Dhaka: Bangladesh on Friday said it withdrew requests for a World Bank loan of $1.2 billion for a mega bridge project months after the global lending agency suspended the credit deal over a graft controversy.

“We have withdrawn the request as the government did not get any positive response from the World Bank by January,” the state-run BSS news agency quoted finance minister Abul Maal Abdul Muhith as saying.

He added that the government would now seek alternative financing arrangement for starting construction of the Bridge within its current tenure set to be expired by January 2014.

A World Bank statement issued this morning confirmed the development saying “the government of Bangladesh yesterday informed the World Bank that it is withdrawing its request of World Bank financing for the Padma Bridge”.
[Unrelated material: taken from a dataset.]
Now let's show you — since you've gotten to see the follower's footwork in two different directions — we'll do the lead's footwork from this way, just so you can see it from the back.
It said the government letter to the WB, however, confirmed “the [Bangladesh] authorities’ intent to continue the investigation of alleged corruption related to the project”.
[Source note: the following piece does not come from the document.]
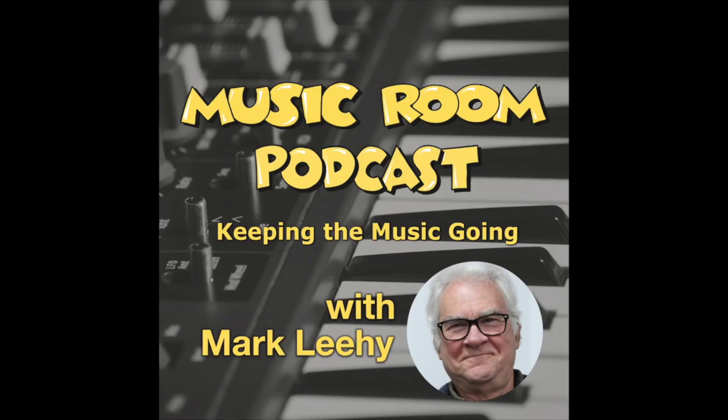Hints and Tips for Music Teachers is brought to you by the Music Room Podcast: Keeping the Music Going in our classrooms. Find the full podcast at musicroom.net.au where you'll also find links to join in the conversation on Facebook.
“The World Bank has taken note of the Government’s decision of not seeking renewed World Bank financing for the Padma Bridge, and it encourages the Anti-Corruption Commission to complete a full and fair investigation of the corruption allegations,” the WB statement said.

The development came two days after the WB insisted fulfilment of conditions it laid out earlier to resume a suspended deal with Bangladesh for financing the Padma Bridge project to link the riverine Bangladesh’s comparatively isolated southwestern region with rest of the country.
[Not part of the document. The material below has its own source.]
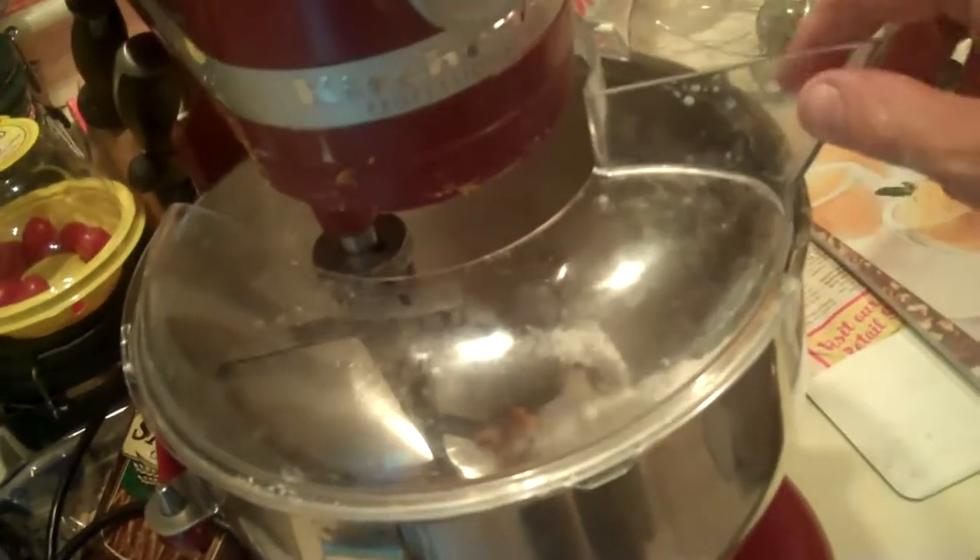One stick cream cheese, one cup of peanut butter, one cup powdered sugar. Put on the guard and start mixing slowly at first, or the powdered sugar goes everywhere — trust me, it happened to me once. Add one can of sweetened condensed milk and now whip it, whip it good.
“Until certain conditions are met to heighten oversight in the project and [Bangladesh] give assurance that a complete and fair criminal investigation is underway, we cannot consider financing the bridge,” World Bank President Jim Young Kim told an anti-graft discourse in Washington on Tuesday.

Earlier on January 15, the WB sought further clarification from Bangladesh’s Anti-Corruption Commission (ACC) on some more issues involving the Padma Bridge Project for its own assessment about the fairness of statutory graft body’s ongoing investigations into the corruption allegations.